5° Il est ajouté un II ainsi rédigé :

« II. – 1. Lorsque les produits des actions et parts sociales et les produits assimilés mentionnés aux articles 108 à 117 bis et les revenus visés au 1 du I du présent article sont versés à une personne qui est établie ou a sa résidence dans un État ou territoire ayant signé avec la France une convention d’élimination des doubles impositions qui ne prévoit pas ou exonère de retenue à la source ces produits, la personne qui effectue le versement des produits applique, lors de la mise en paiement, le taux de retenue à la source prévu à l’article 187 du présent code.

« 2. Le bénéficiaire des produits mentionnés au 1 du présent II peut obtenir le remboursement de la retenue à la source s’il apporte la preuve qu’il en est le bénéficiaire effectif et que le versement de ces produits dans l’État ou territoire mentionné au 1 a principalement un objet ou un effet autre que d’éviter l’application d’une retenue à la source ou d’obtenir l’octroi d’un avantage fiscal.

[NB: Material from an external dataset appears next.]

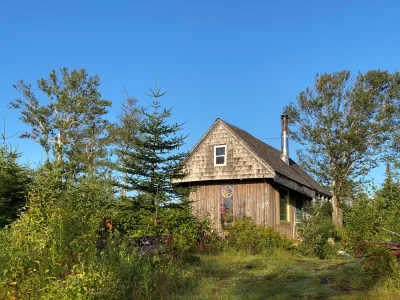 50286202062_f1f8e0c963_o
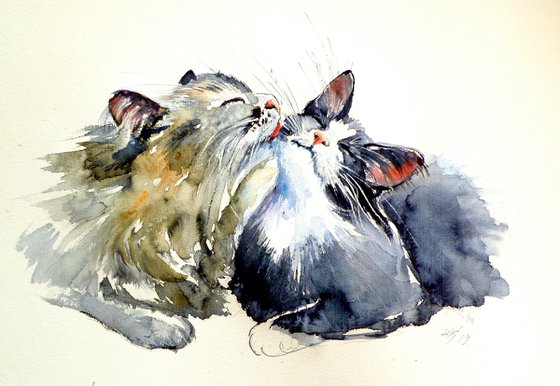 Cats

« 3. La personne qui effectue le versement des produits et revenus mentionnés au 1 du présent II transmet à l’administration fiscale, à sa demande et sous format dématérialisé, le montant, la date, l’identité de l’émetteur des actions ou parts objets des opérations mentionnées au 1 du I du présent article et celle du bénéficiaire effectif desdits produits et revenus.

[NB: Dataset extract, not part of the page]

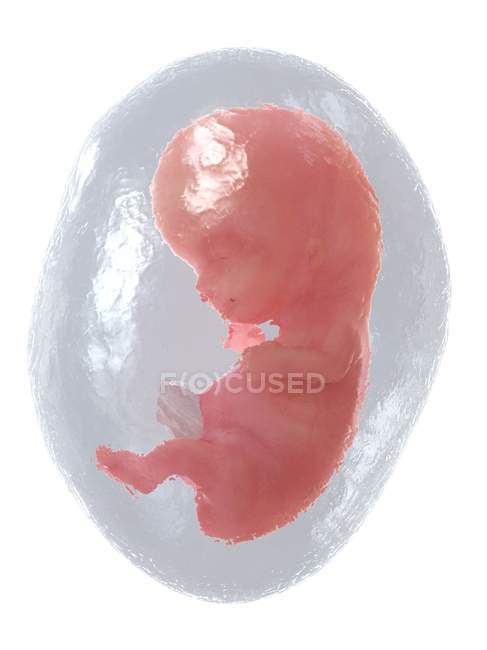 Fœtus humain en développement à la semaine 9, illustration par ordinateur . — Photo de stock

« Lorsque la personne mentionnée au premier alinéa du présent 3 n’est pas en mesure de déterminer l’identité du bénéficiaire effectif mentionné au même alinéa, ladite personne transmet, en lieu et place de l’identité dudit bénéficiaire, les informations nécessaires à l'identification de sa résidence fiscale. » ;

C. – Au 2 de l’article 187, après la référence : « 117 bis », sont insérés les mots : « et à l’article 119 bis A ».

Objet

Par la réécriture de l’article 119 bis A, cet amendement vise à faire échec aux opérations qualifiées « d’arbitrage de dividendes », dont l’ampleur a été révélée dans le cadre de l’enquête sur les « CumEx Files », et plus récemment avec l’enquête, en cours, du Parquet National Financier (PNF) auprès de grandes banques françaises : la Société Générale, BNP Paribas, Exane (filiale de BNP Paribas),

Natixis (groupe BPCE) et HSBC, soupçonnés de blanchiment aggravé de fraude fiscale aggravée. La pratique mise en cause, dite du « CumCum », consiste à mettre en place des opérations complexes sur les marchés, dans le but de contourner l’impôt sur les dividendes dû par les actionnaires d’entreprises cotées en bourse. En principe, les versements de dividendes aux actionnaires étrangers (non-résidents) d’une société française sont soumis à une retenue à la source prévue au taux « interne » de 30 % (article 187 du code général des impôts). La plupart des conventions fiscales prévoient toutefois un taux réduit, souvent 10 % ou 15 %, auquel peuvent prétendre les résidents des États concernés.

L’arbitrage de dividendes permet d’échapper à cette retenue à la source – c’est-à-dire à l’impôt – grâce à deux types de montages : un montage « interne », substituant temporairement au non- résident un résident français (souvent une banque), et un montage « externe », qui tire avantage des conventions fiscales plus favorables.

Les dispositions ici présentées reprennent un amendement inséré au Sénat à l’issue de l’examen du projet de loi de finances pour 2019 ; puis vidé de sa substance dans sa version finalement adoptée à l’Assemblée nationale.

Afin de faire échec à ces opérations « externes », le II du présent article prévoit un recours obligatoire à la procédure dite « normale » dès lors que le dividende est versé à un résident d’un État lié à la France par une convention fiscale prévoyant une retenue à la source de 0 %. Les sociétés mères établies dans un autre État membre de l’Union européenne, exonérées de retenue à la source en application de la directive 2011/96/UE du Conseil du 30 novembre 2011, ne sont pas concernées par le dispositif proposé – celles-ci ne présentent pas, en tout état de cause, un risque élevé de montage abusif. L’établissement payeur serait donc tenu d’appliquer par défaut le taux « interne » de 30 %, le bénéficiaire pouvant ensuite demander le remboursement de l’éventuel trop- perçu sur présentation des justificatifs nécessaires.